I was horribly frightened. It came to me for a moment, though I hadn’t time to think it, that she must be a madly jealous woman….
“Don’t you see?” she said, “don’t you see what’s going on?” The panic again stopped my heart….
She ran her hand with a singular clawing motion upwards over her forehead. Her eyes were enormously distended; her face was exactly that of a person looking into the pit of hell and seeing horrors there….
Part I, chap. 5, page 51: (After the ‘protest scene’)
At any rate the measure of my relief when Leonora said that she was an Irish Catholic gives you the measure of my affection for that couple. It was an affection so intense that even to this day I cannot think of Edward without sighing. I do not believe that I could have gone one any more without them. I was getting too tired. And I verily believe too, that if my suspicion that Leonora was jealous of Florence had been the reason she gave for her outburst I should have turned upon Florence with the maddest kind of rage. Jealousy would have been incurable.
Part III, chap. 1, page 76: (After Bagshawe’s revelation and Florence’s death)
But I have given you absolutely the whole of my recollection of that evening, as it is the whole of my recollection of the succeeding three or four days. I was in a state just simply cataleptic. They put me to bed and I stayed there; they brought me my clothes and I dressed; they led me to an open grave and I stood beside it. If they had taken me to the edge of a river, or if they had flung me beneath a railway train I should have been drowned or mangled in the same spirit. I was the walking dead.
Part IV, chap.6, page 158: (Edward tells Dowell that he loves Nancy)
Those were the quietest moments that I have ever known. Then suddenly Edward looked me straight in the eyes and said:
“Look here, old man, I wish you would drive with Nancy and me to the station to-morrow.”
I said that of course I would drive with him and Nancy to the station on the morrow. He lay there for a long time, looking along the line of his knees at the fluttering fire and then suddenly, in a perfectly calm voice, and without lifting his eyes, he said:
“I am so desperately in love with Nancy Rufford that I am dying of it.”

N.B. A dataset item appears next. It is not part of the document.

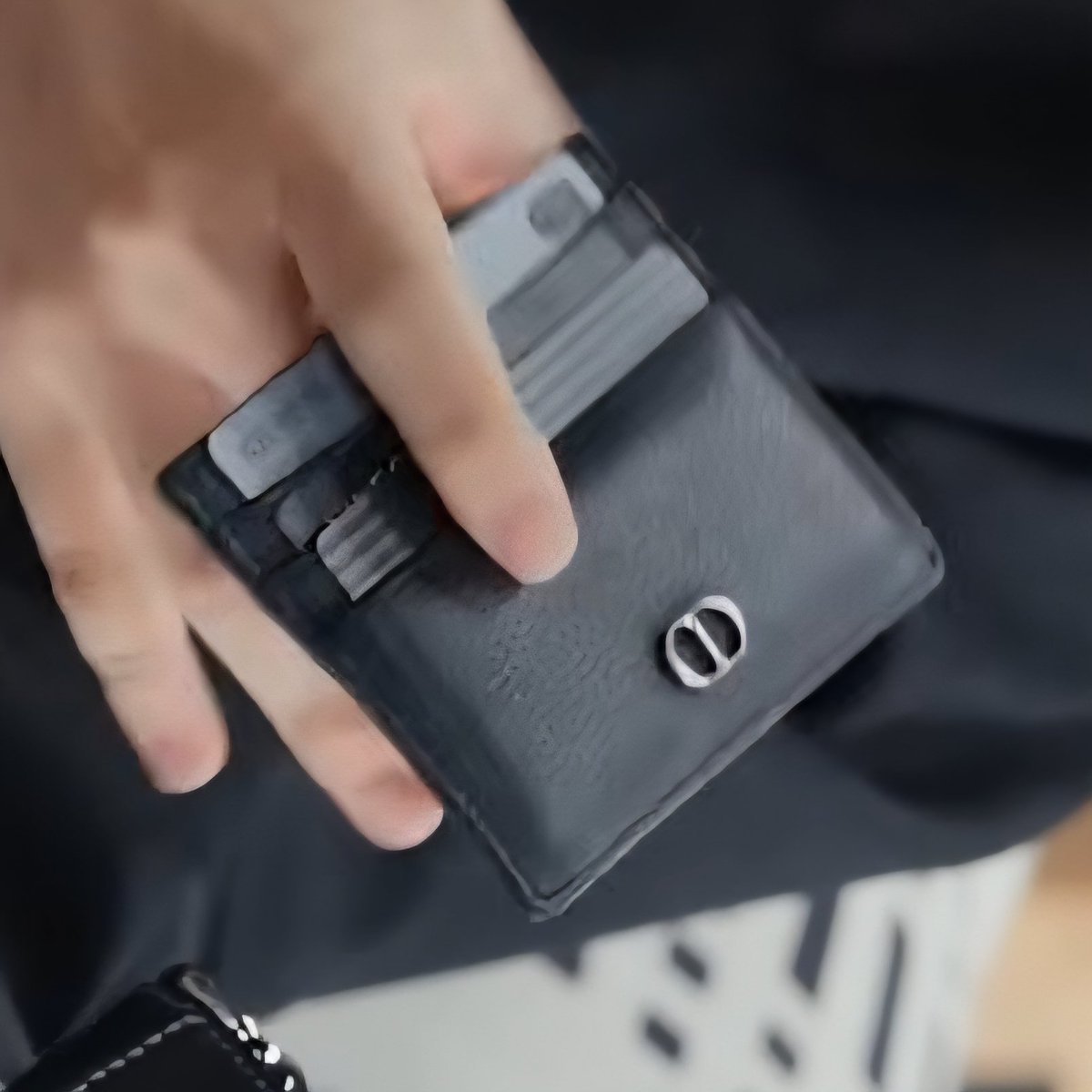 pjmnology's tweet image. jimin owns the Hyundai &quot;The Black Card 3,&quot; which is one of the top four most expensive black cards to exist and is exclusive to the top 0.05% earners in the country.

the basic requirements by the owner is to spend at least $8,347 per month with a minimum of $8,347,175 in assets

Poor devil – he hadn’t meant to speak of it. But I guess he just had to speak to somebody and I appeared to be like a woman or a solicitor. He talked all night.
Part III, chap. 1, page 73: (After Edward’s funeral. He is also told of Florence’s suicide)
“O stop here for ever and ever if you can.” And then she added, “You couldn’t be more of a brother to me, or more of a counselor, or more of a support. You are all the consolation I have in the world. And isn’t it odd to think that, if your wife hadn’t been my husband’s mistress, you would probably never have been here at all?”
That was how I got the news – full in the face, like that. I didn’t say anything and I don’t suppose I felt anything, unless maybe it was with that mysterious and unconscious self that underlies most people.